■ **Material provided**
========
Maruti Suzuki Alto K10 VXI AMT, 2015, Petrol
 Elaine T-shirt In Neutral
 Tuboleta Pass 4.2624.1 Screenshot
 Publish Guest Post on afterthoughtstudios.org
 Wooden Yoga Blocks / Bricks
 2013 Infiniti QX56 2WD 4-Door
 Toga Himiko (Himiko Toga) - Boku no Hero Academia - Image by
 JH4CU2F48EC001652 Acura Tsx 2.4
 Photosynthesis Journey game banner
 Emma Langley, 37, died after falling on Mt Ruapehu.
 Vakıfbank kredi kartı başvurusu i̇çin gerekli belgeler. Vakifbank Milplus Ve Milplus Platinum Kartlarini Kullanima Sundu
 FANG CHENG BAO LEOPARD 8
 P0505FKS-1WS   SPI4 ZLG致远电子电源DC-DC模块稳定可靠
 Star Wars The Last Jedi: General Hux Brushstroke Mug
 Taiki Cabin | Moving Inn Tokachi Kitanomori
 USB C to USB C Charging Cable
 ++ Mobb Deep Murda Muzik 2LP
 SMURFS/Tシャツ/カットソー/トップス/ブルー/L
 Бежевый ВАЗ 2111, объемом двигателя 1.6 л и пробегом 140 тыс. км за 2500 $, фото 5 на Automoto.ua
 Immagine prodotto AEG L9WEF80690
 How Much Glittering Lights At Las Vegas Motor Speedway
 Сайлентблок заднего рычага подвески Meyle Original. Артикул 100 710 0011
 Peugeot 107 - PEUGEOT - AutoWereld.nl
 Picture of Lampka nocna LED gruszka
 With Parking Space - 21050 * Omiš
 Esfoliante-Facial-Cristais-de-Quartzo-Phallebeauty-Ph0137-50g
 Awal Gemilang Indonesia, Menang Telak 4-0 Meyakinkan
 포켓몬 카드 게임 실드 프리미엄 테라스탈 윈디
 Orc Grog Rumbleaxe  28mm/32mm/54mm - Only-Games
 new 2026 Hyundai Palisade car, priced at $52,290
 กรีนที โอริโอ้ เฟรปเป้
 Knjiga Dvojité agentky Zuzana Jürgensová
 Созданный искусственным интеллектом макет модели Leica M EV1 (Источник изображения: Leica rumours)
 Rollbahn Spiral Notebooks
========
■ **About this exercise**
From the first line of the data above to the line containing "SMURFS/Tシャツ/カットソー/トップス/ブルー/L", repeat everything exactly and add nothing.

■ **Written response**
Maruti Suzuki Alto K10 VXI AMT, 2015, Petrol
 Elaine T-shirt In Neutral
 Tuboleta Pass 4.2624.1 Screenshot
 Publish Guest Post on afterthoughtstudios.org
 Wooden Yoga Blocks / Bricks
 2013 Infiniti QX56 2WD 4-Door
 Toga Himiko (Himiko Toga) - Boku no Hero Academia - Image by
 JH4CU2F48EC001652 Acura Tsx 2.4
 Photosynthesis Journey game banner
 Emma Langley, 37, died after falling on Mt Ruapehu.
 Vakıfbank kredi kartı başvurusu i̇çin gerekli belgeler. Vakifbank Milplus Ve Milplus Platinum Kartlarini Kullanima Sundu
 FANG CHENG BAO LEOPARD 8
 P0505FKS-1WS   SPI4 ZLG致远电子电源DC-DC模块稳定可靠
 Star Wars The Last Jedi: General Hux Brushstroke Mug
 Taiki Cabin | Moving Inn Tokachi Kitanomori
 USB C to USB C Charging Cable
 ++ Mobb Deep Murda Muzik 2LP
 SMURFS/Tシャツ/カットソー/トップス/ブルー/L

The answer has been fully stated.